Supplied data: Begin
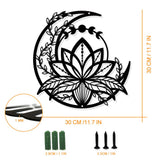 Decorațiune metalică de perete Faze Lunare și Lotus 30x30 cm – Negru Mat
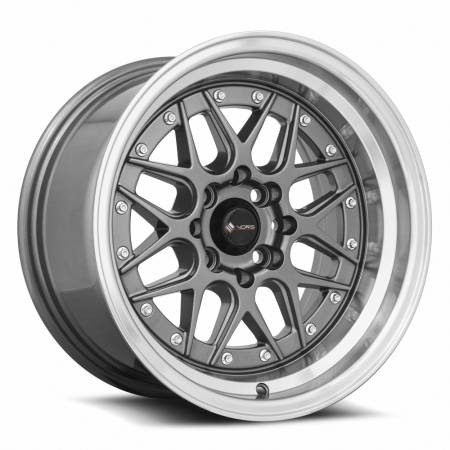 Vors Wheels - Vors Wheels Rim VR7 15x8 4x108 ET0 73.1CB Gun Metal Machine Lip Chrome Rivet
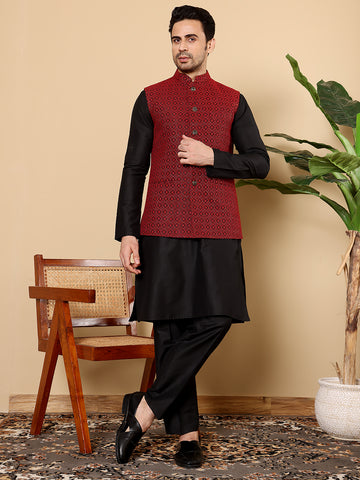 MULTI SHADES Men's Full Sleeve Black Kurta Pyjama & Red Embroidered Nehru Jacket - Dista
Supplied data: End
*Exercise prompt*:
Please transcribe exactly the lines from the one containing "Vors Wheels - Vors" through the final line of the data, including both, and nothing else. Pictures are to be left out.

*Output below*:
 Vors Wheels - Vors Wheels Rim VR7 15x8 4x108 ET0 73.1CB Gun Metal Machine Lip Chrome Rivet
 MULTI SHADES Men's Full Sleeve Black Kurta Pyjama & Red Embroidered Nehru Jacket - Dista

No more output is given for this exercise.